## WHAT NEEDS TO BE DONE
Nothing but the pictures should be dropped when the records are transcribed word for word.

(Image-caption web data)
-- Opening Marker --

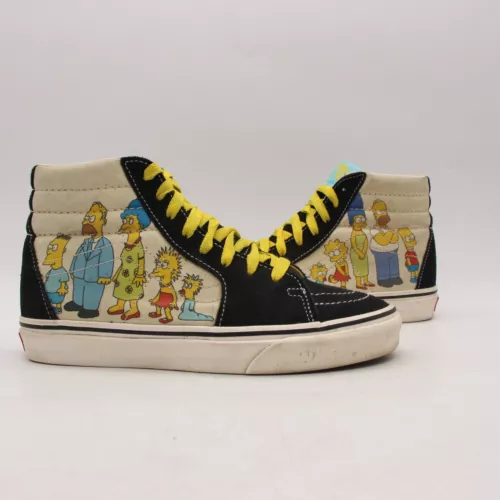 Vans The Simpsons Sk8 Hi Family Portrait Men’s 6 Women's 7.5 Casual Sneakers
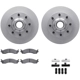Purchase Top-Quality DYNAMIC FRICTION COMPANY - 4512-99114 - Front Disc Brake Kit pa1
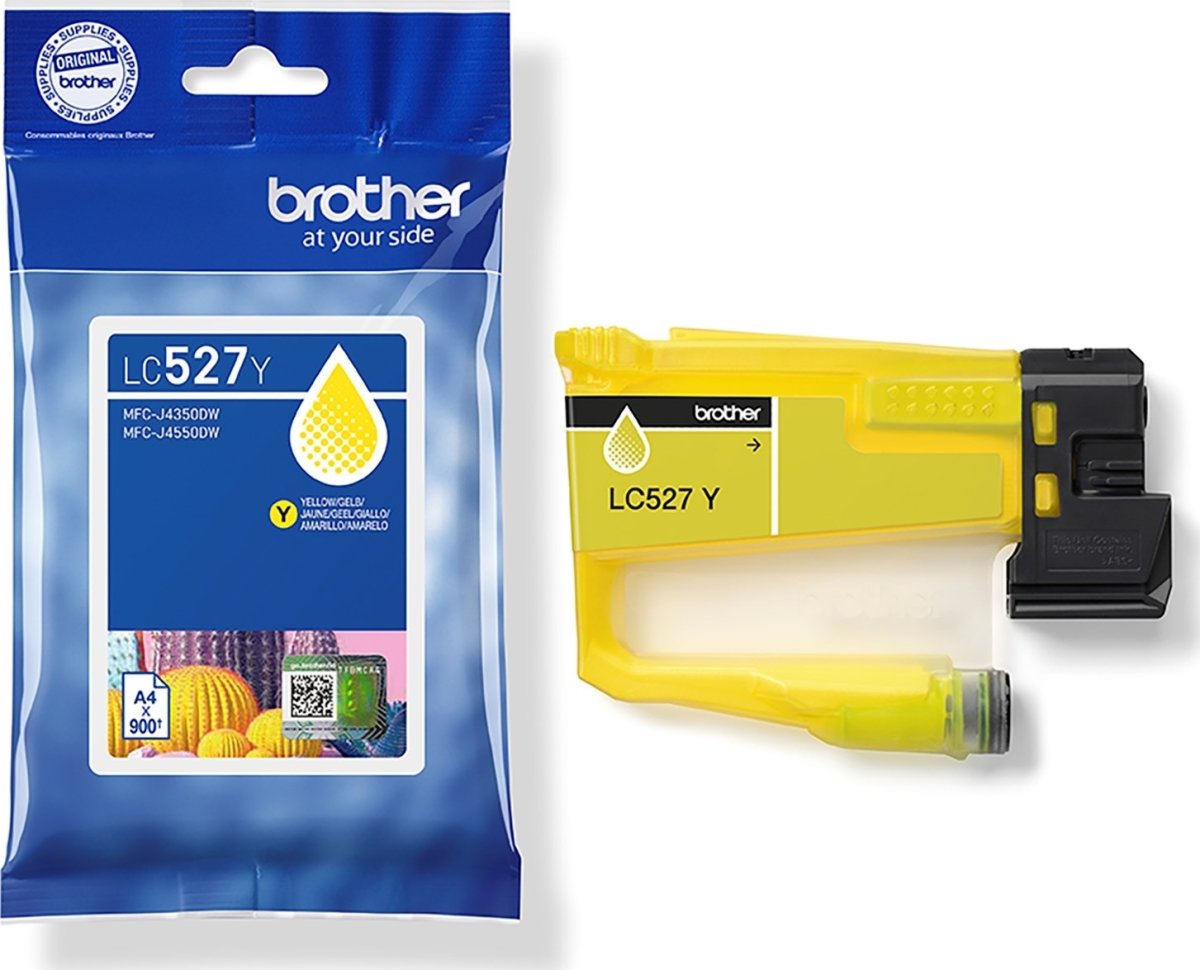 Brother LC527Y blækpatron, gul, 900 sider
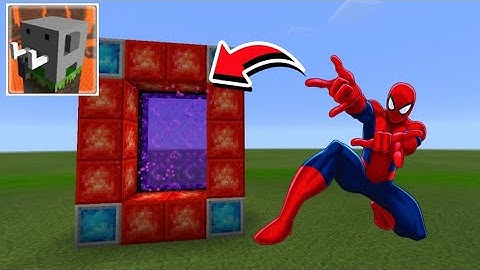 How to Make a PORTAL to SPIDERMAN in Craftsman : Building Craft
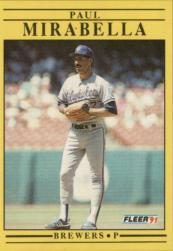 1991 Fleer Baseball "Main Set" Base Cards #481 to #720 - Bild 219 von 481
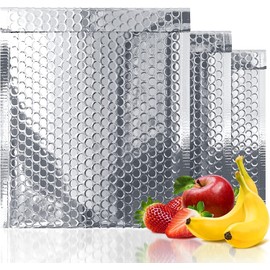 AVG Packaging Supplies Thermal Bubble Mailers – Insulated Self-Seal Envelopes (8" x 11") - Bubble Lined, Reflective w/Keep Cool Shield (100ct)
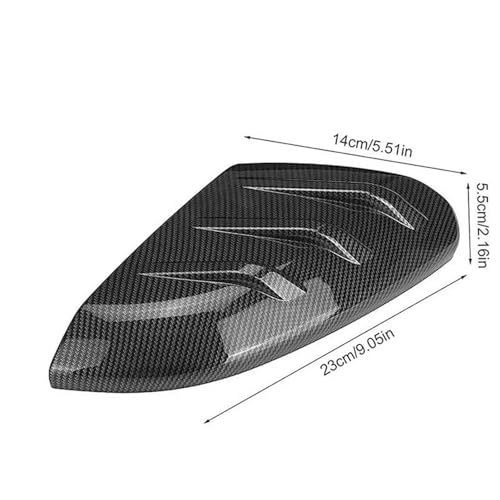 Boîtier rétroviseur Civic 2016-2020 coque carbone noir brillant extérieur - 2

-- Closing Marker --

## SOLVED PROBLEM
 Vans The Simpsons Sk8 Hi Family Portrait Men’s 6 Women's 7.5 Casual Sneakers
Purchase Top-Quality DYNAMIC FRICTION COMPANY - 4512-99114 - Front Disc Brake Kit pa1
 Brother LC527Y blækpatron, gul, 900 sider
 How to Make a PORTAL to SPIDERMAN in Craftsman : Building Craft
 1991 Fleer Baseball "Main Set" Base Cards #481 to #720 - Bild 219 von 481
 AVG Packaging Supplies Thermal Bubble Mailers – Insulated Self-Seal Envelopes (8" x 11") - Bubble Lined, Reflective w/Keep Cool Shield (100ct)
 Boîtier rétroviseur Civic 2016-2020 coque carbone noir brillant extérieur - 2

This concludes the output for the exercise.